1. Lack of ‘real’ care.
2. Lack of joined up thinking.

Let me start by saying that there were many occasions when my mother did receive care, proper care, kind, attentive, non-hurried care. Unfortunately, this was not always so.

It’s true to say my mother never really enjoyed full health. Childhood illnesses, such as asthma and excema she coped with, but toward the latter part of her life, the illnesses just piled up;
Severe headaches
Acute glaucoma
Age related macular degeneration
Deafness
Arthritis in the neck and spine
Arrhythmia
Primary Billiary Sclerosis
Hysterectomy
Gall bladder removal
Double incontinence
Hip replacement
Double knee replacement
Swollen legs
Pulmonary disease
Vascular disease
Cancer of the stomach

When I look at the list, I’m left wondering how she managed as long as she did.
When my father died, some two years before her, we quickly realised just how much he did for her. But with jobs and families of our own, it was clear that as time went on she needed proper help. After a series of five hospital visits due to falls, I asked for help. Trying to get a yes from the woman I met in the ward who spoke to my mother (whilst I wasn’t there) was like trying to get blood from a stone. In her opinion, because my mother could shuffle to the toilet, she was reluctant to provide anything. I told her she was practically blind, incontinent and disabled, but it made no difference. I didn’t realise it at the time, but this was to be the first of many such battles. By the time I asked for help again, the first person I had spoken to had left. This revolving door syndrome is rife in the NHS and private caring agencies and is terribly unhelpful.

When help was finally granted in the shape of three ‘flying’ visits a day from a ‘carer’, we were truly shocked. A young girl, who’s first language wasn’t English (she had a heavy African accent which I found difficult to understand, let alone my blind, deaf mother) rushed in whilst her boyfriend sat outside in the car with the engine running. She had virtually no people skills and no experience. She barely had time to make a sandwhich and a cup of tea before running out, sometimes leaving the front door wide open. Before long, my mother was back in hospital, resulting in the whole process of trying to get help starting all over again. The endless questions, the same answers to different people. Sometimes I’d be on the phone for over an hour arguing with someone who’d never even met my mother or seen her condition, trying to get extra visits. When we were finally ‘granted’ approval for six visits a day, we were ecstatic. However, it wasn’t long before the same old problems occurred.
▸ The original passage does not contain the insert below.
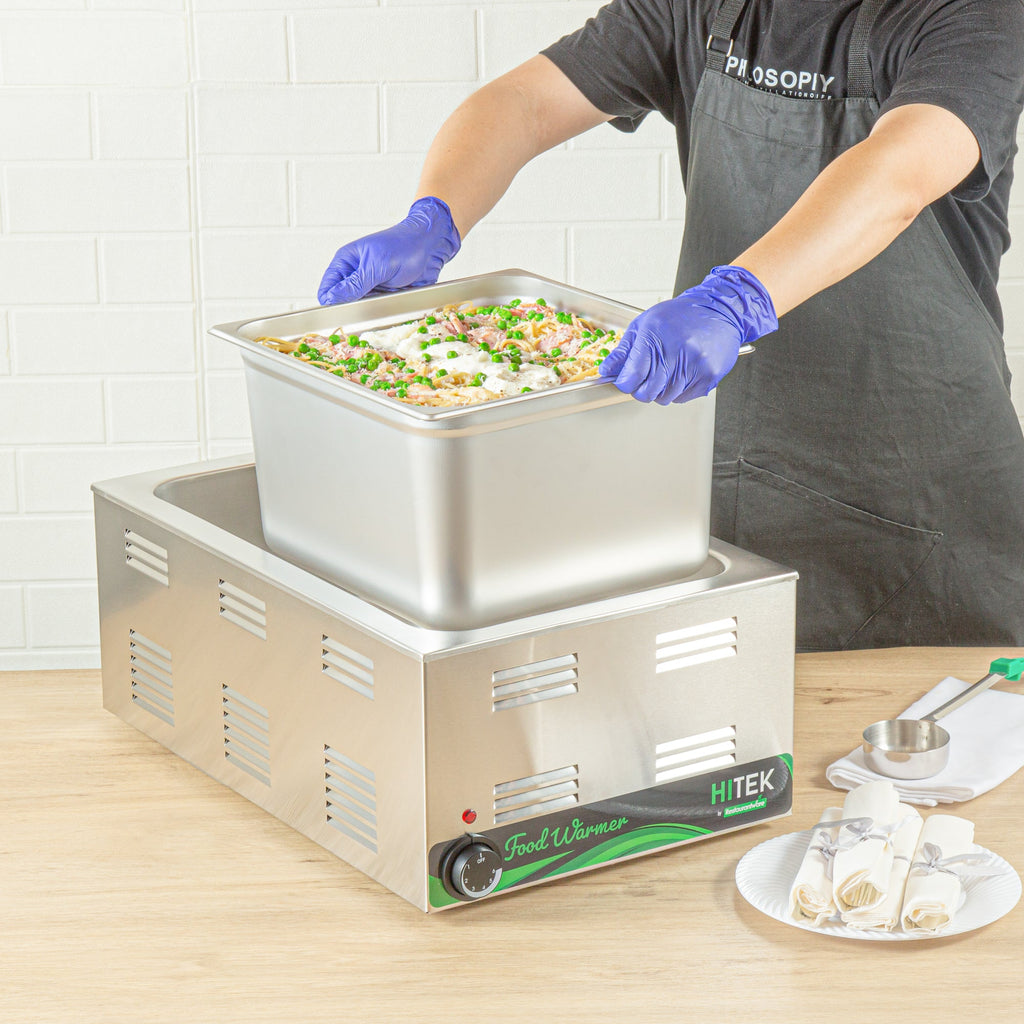 Kitchen Tek Stainless Steel 2/3 Size Steam Table Pan - 8 Inch Deep, Anti Jam, 24 Gauge - 6 count box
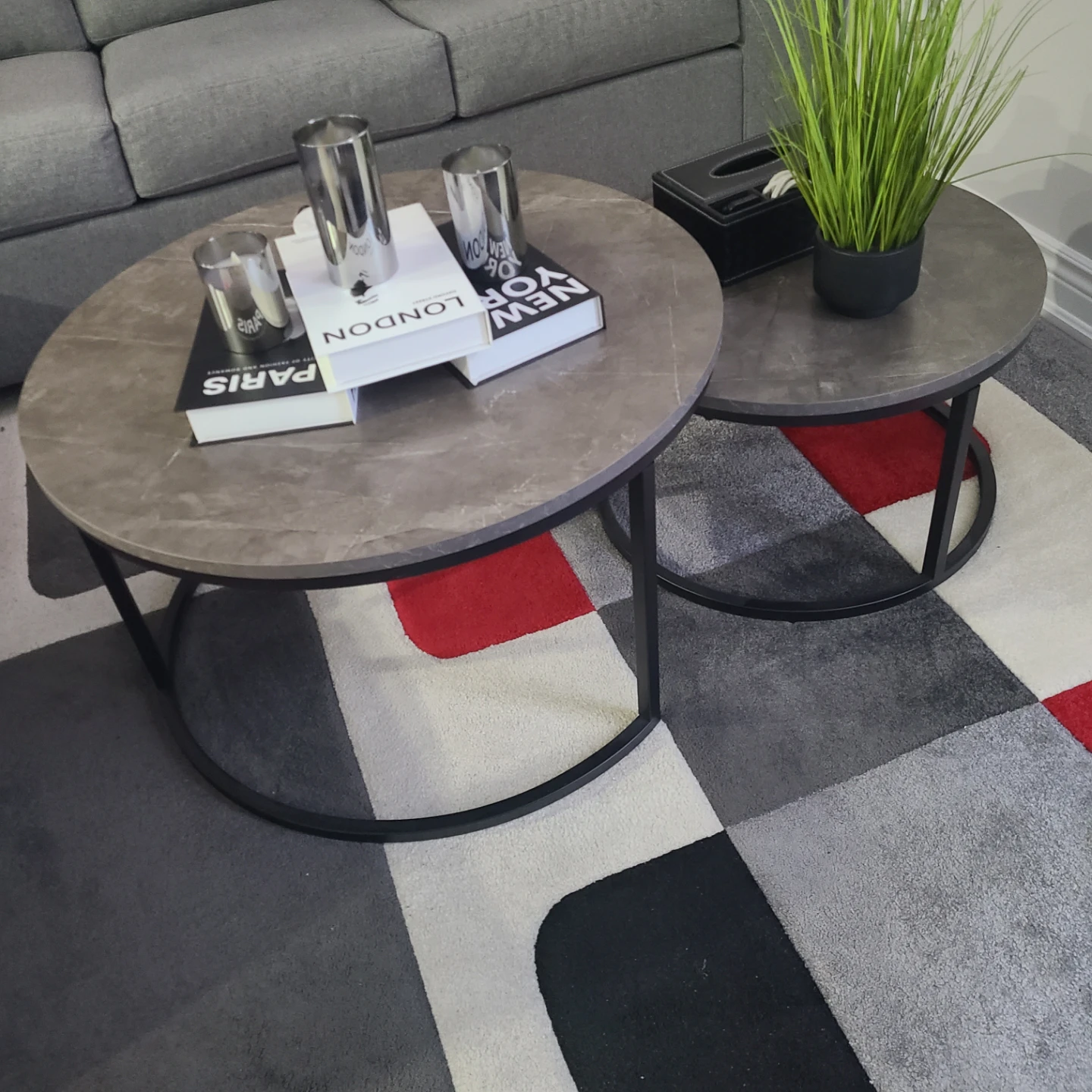 Set of 2 Round Nesting Coffee Tables (Grey)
“Wake -up’ visits were often over an hour late, sometimes they didn’t show up at all, leaving my mother laying in dirty and wet sheets. Her mid-morning visits sometimes didn’t show until lunchtime, when instead of one carer, the early lunchtime one would appear at the same time! Sometimes, the lunchtime call didn’t show at all and the bed-time visits varied so wildly it was ridiculous. Phone calls to the ‘care’ agency were often met with an answer-phone or a shrug of the shoulders response – “we know, but there’s not a lot we can do about it”, or “we just can’t get the staff”.

It soon became clear to us that many carers did the bare minimum. Commodes weren’t emptied, rubbish not cleared etc. And so bit by bit, my brother and I would find ourselves doing what the care agencies were being paid to do. The hassle of getting the care, and the thought of having to go through the whole process yet again meant we just had to grin and bear it. And so did my mum.

We all learned a lot about ourselves and what we were capable of, although I have to say I could have done without having to change my mum’s incontinence pads! I’m afraid when you’re blind, deaf and incontinent, dignity goes out the window and we all discovered how useful a sense of humour could be!

Also, it has to be said that there was a hardcore of three or four carers who were excellent and caring in the true sense of the word. They frequently stayed longer than their allotted time allocation and were clearly very fond of my mother. But it was obvious they were utterly worked off their feet and that the agency was clearly taking advantage of their kindness and loyalty. All of them, without exemption told us they were looking for other jobs. Thus, the one thing a frail, vulnerable person wants – consistency in their carers – was never going to happen in this system.

Hospital appointments were a nightmare, as just getting mum out of the house needed so much preparation, and towards the end, she just couldn’t manage it. So nurse visits became the next feature of our lives. Some didn’t turn up when they said they would. Sometimes we’d go round and fine two there, because of a lack of communication between departments. On one occasion, I found three nurses on the doorstep! Doubtless someone somewhere else wasn’t getting their visit because three were on our doorstep! This is what I meant by the lack of joined-up thinking. Different people, different departments – always changing, never talking to each other.

The only time when it seemed that everyone seemed to know what they were doing was when my mother was finally diagnosed with cancer. I say finally, as it ‘slipped out’ in a conversation with my GP – (we were never actually told and found out by accident) and she was admitted to the Farleigh Hospice. The change in attitude, care, commitment, compassion was extraordinary, and, frankly, very humbling. The fact that someone was waiting to greet us at the door, who knew us (all) by name, who bothered to talk to us, rather than at us, were all new experiences. After settling her down, she returned home and a new, live-in-carer arrived. The whole standard of care at this ‘end-of-life’ stage was excellent.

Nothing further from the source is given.